_Given information_
________________________________________

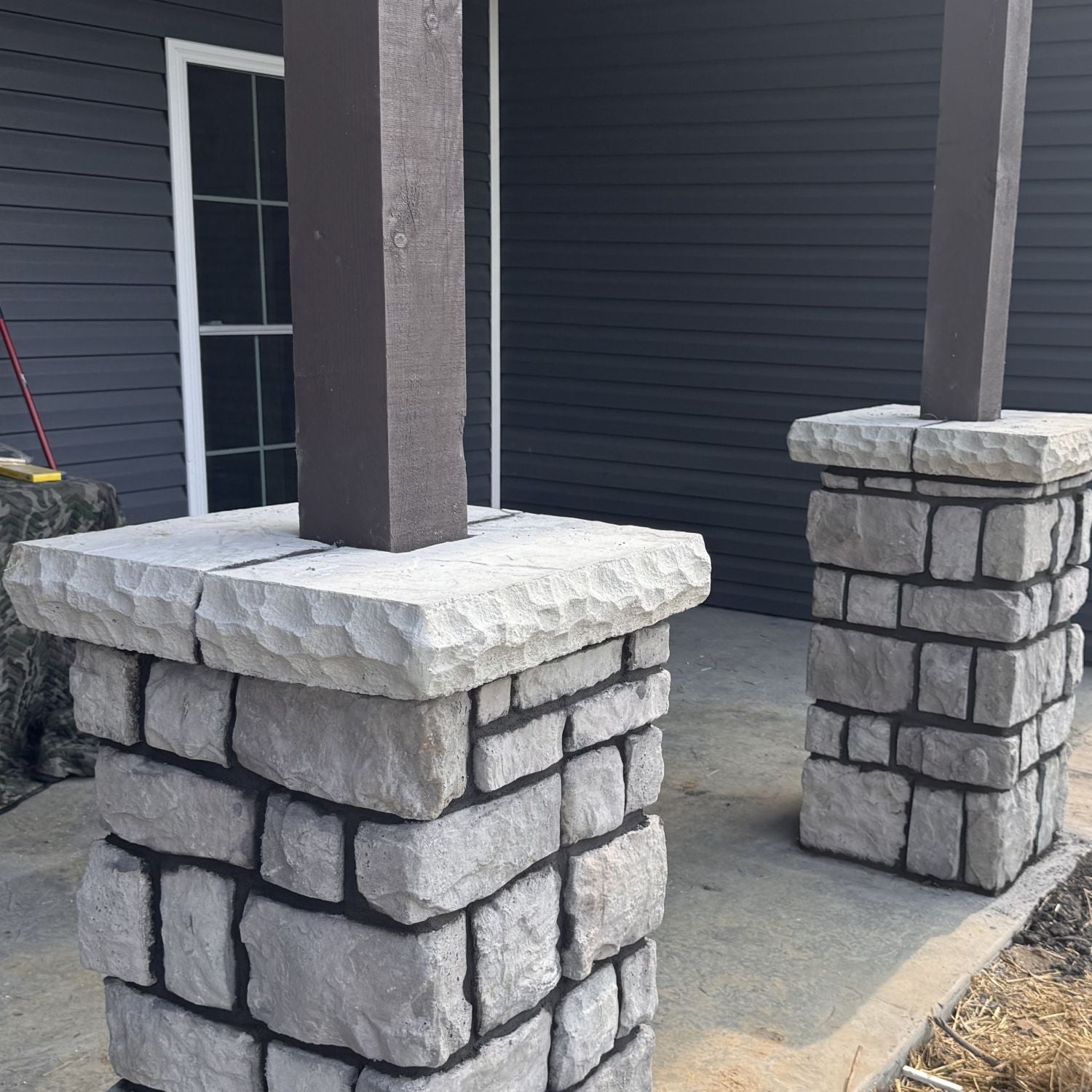 Stone Veneer - Capstone / Hearthstone Smoke - Mountain View Stone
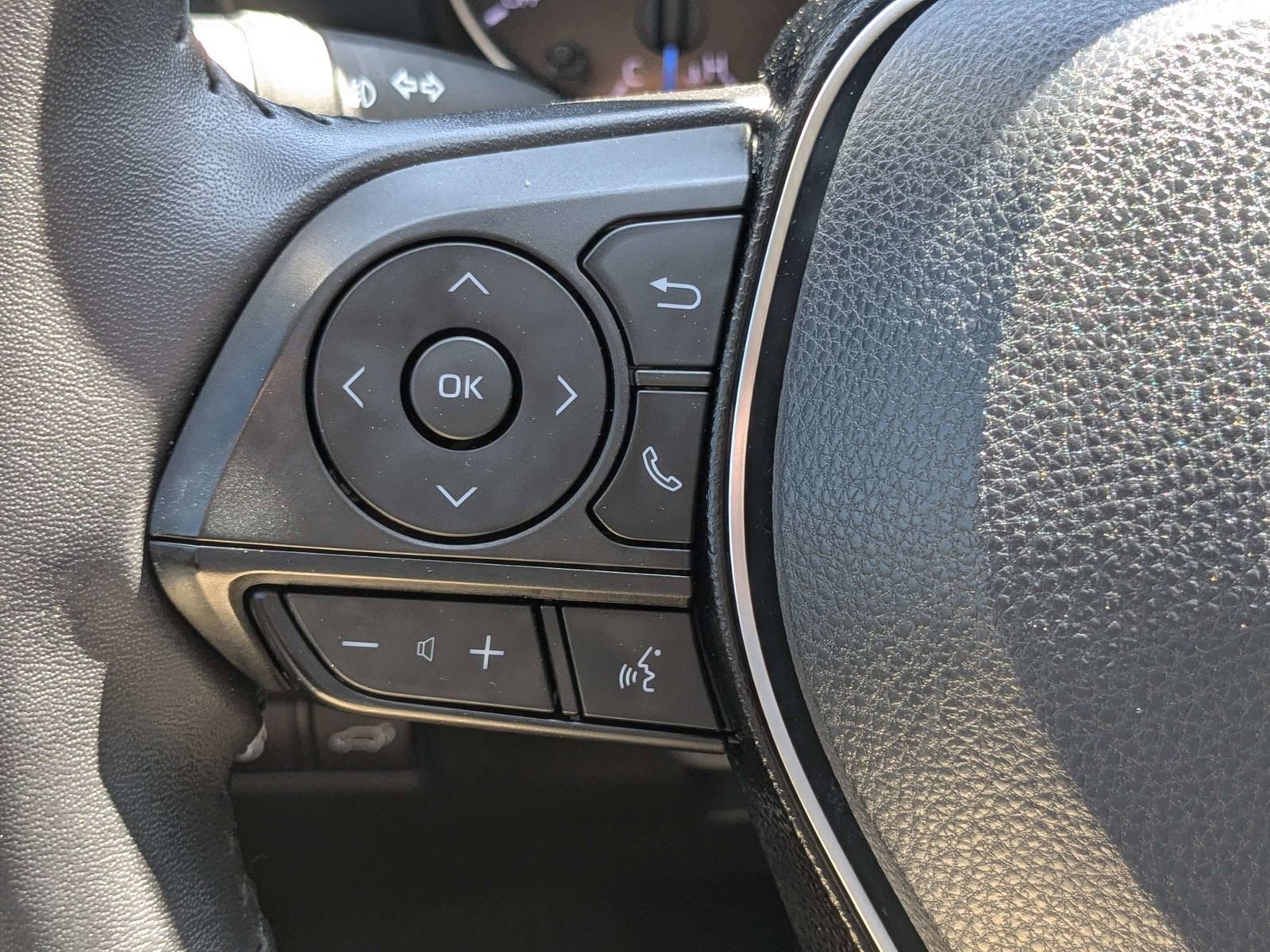 Used 2019 Toyota RAV4 XLE w/ Convenience Package image 26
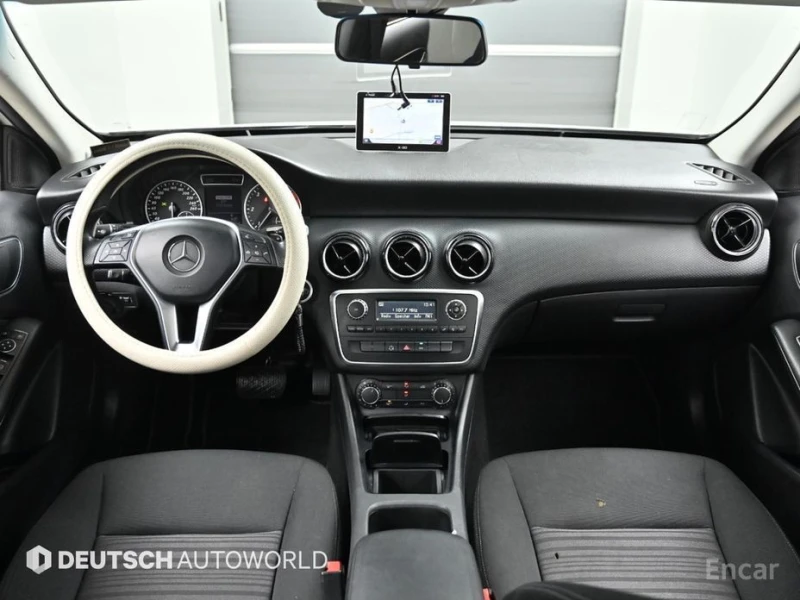 Mercedes-Benz A 200, снимка 7 - Автомобили и джипове - 53515697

________________________________________

_Exercise brief_
Would you repeat the material exactly, keeping out any pictures?

_Output for this exercise_
 Stone Veneer - Capstone / Hearthstone Smoke - Mountain View Stone
 Used 2019 Toyota RAV4 XLE w/ Convenience Package image 26
 Mercedes-Benz A 200, снимка 7 - Автомобили и джипове - 53515697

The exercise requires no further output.